In the records below, tally every line containing "Back". Report only the total.

INPUT FOR THIS TASK below:

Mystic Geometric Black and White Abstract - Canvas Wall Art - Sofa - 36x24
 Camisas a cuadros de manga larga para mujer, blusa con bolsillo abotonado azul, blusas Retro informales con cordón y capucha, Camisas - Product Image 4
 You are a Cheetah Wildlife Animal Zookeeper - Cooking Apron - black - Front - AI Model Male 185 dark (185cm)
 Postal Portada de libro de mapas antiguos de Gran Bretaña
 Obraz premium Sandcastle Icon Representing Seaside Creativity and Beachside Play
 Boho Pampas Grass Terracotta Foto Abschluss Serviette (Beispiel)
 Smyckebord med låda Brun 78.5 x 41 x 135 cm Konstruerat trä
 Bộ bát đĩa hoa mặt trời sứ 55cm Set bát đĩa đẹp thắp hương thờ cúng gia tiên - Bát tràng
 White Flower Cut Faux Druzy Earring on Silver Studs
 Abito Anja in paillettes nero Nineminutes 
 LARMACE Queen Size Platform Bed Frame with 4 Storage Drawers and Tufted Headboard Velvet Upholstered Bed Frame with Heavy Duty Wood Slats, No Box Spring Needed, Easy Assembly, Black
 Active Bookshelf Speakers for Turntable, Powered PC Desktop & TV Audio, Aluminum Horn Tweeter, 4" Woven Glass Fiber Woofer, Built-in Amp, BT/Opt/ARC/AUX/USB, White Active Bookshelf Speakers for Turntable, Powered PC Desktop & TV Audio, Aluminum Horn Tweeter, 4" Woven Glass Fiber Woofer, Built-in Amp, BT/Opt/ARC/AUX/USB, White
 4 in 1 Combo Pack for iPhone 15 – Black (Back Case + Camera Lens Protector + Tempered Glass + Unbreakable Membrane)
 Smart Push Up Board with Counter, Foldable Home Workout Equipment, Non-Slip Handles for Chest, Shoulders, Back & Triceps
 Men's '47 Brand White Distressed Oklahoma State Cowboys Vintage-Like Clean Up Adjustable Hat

End of INPUT FOR THIS TASK.

OUTPUT OF THE EXERCISE — 2